### EXERCISE
The line with "forksy.（フォルクシー" marks the first line to copy, and the line with "Bulova American Clipper" marks the last. Transcribe that stretch of the data below exactly, without pictures.

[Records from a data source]
--- START ---
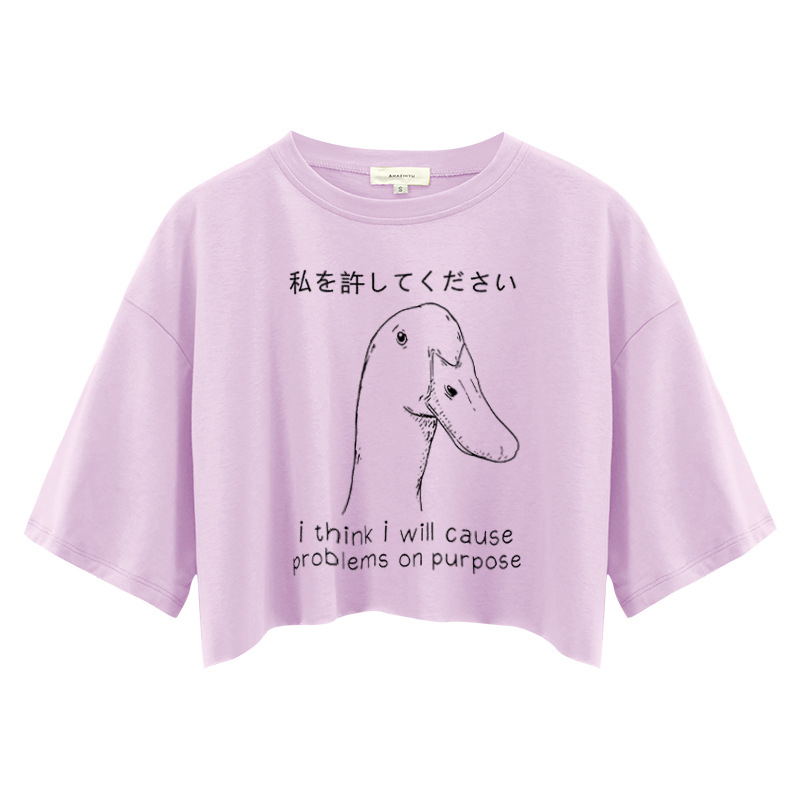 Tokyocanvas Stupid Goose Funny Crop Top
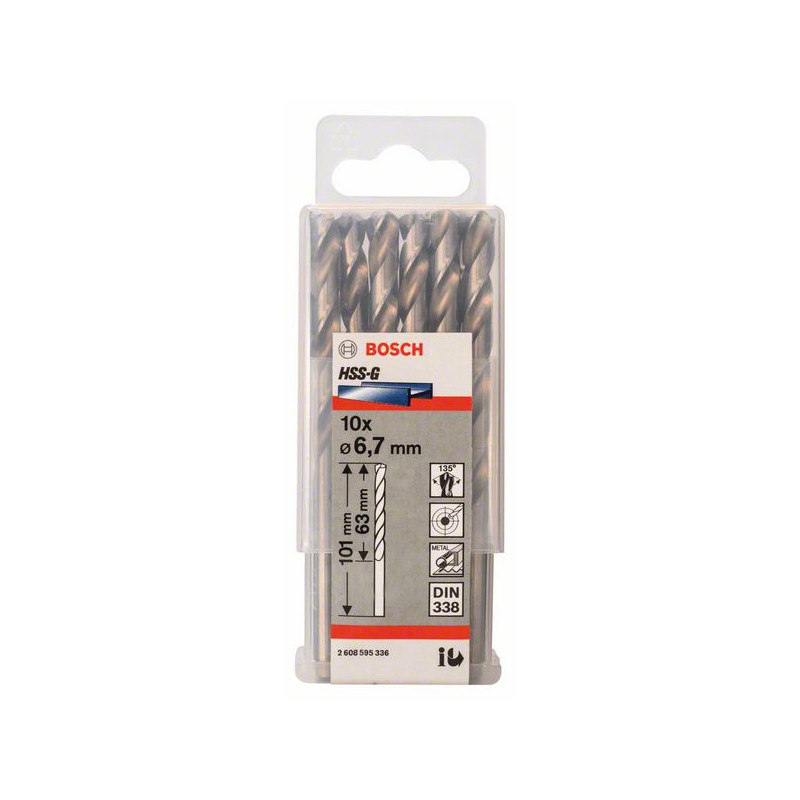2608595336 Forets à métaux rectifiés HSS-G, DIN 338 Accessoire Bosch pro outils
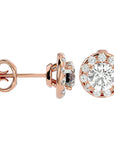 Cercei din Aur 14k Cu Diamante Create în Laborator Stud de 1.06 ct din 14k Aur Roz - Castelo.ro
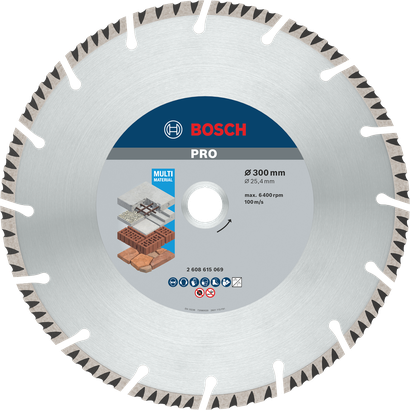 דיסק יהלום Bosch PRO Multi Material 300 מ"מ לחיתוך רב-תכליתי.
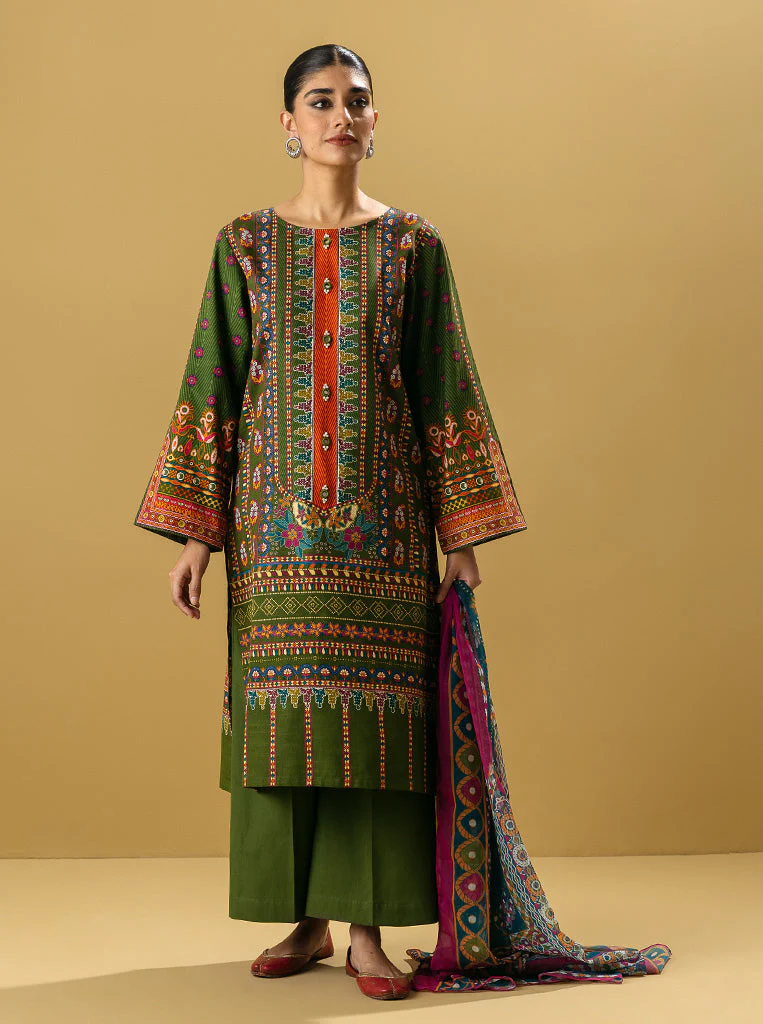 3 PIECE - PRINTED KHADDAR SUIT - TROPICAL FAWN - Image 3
--- END ---
--- START ---
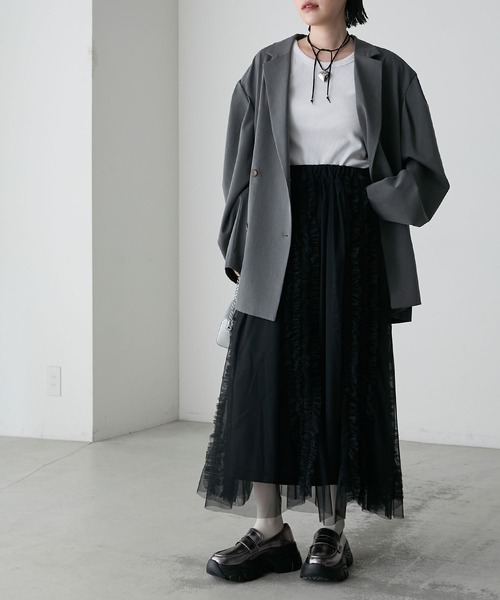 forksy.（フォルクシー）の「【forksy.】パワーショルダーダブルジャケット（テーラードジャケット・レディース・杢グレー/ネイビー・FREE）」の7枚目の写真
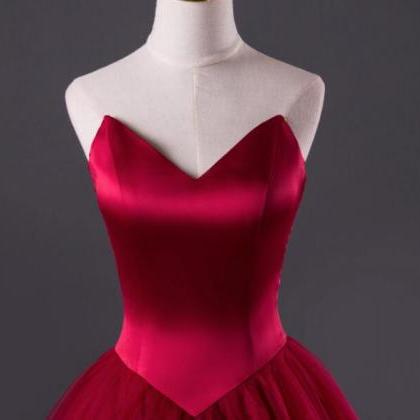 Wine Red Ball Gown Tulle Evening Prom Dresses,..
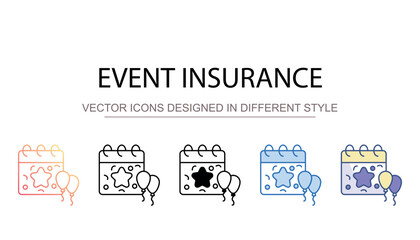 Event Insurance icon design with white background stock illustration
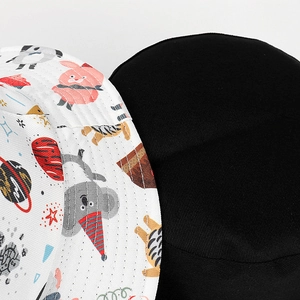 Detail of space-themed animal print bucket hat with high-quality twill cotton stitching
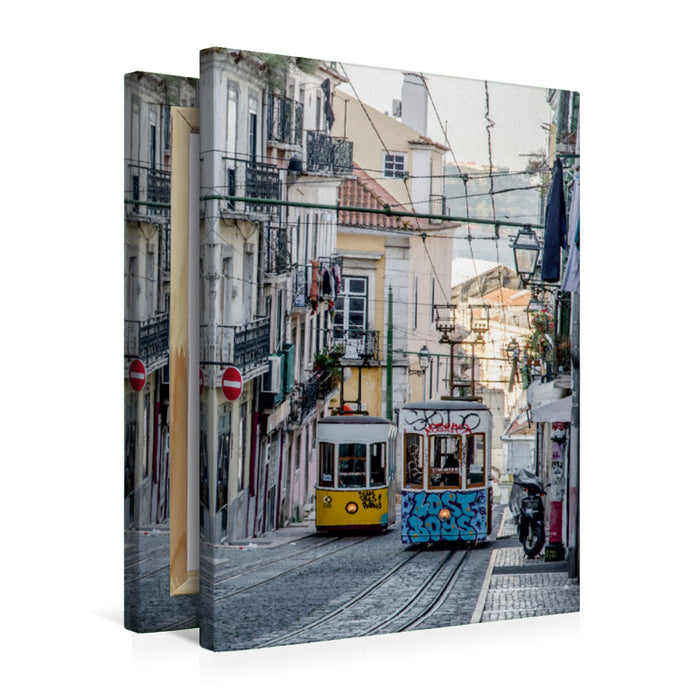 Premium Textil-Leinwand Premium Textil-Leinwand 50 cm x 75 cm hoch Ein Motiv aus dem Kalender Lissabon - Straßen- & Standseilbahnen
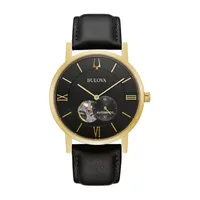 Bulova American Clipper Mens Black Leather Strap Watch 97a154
--- END ---
### RESPONSE TO THIS TASK
 forksy.（フォルクシー）の「【forksy.】パワーショルダーダブルジャケット（テーラードジャケット・レディース・杢グレー/ネイビー・FREE）」の7枚目の写真
 Wine Red Ball Gown Tulle Evening Prom Dresses,..
 Event Insurance icon design with white background stock illustration
 Detail of space-themed animal print bucket hat with high-quality twill cotton stitching
 Premium Textil-Leinwand Premium Textil-Leinwand 50 cm x 75 cm hoch Ein Motiv aus dem Kalender Lissabon - Straßen- & Standseilbahnen
 Bulova American Clipper Mens Black Leather Strap Watch 97a154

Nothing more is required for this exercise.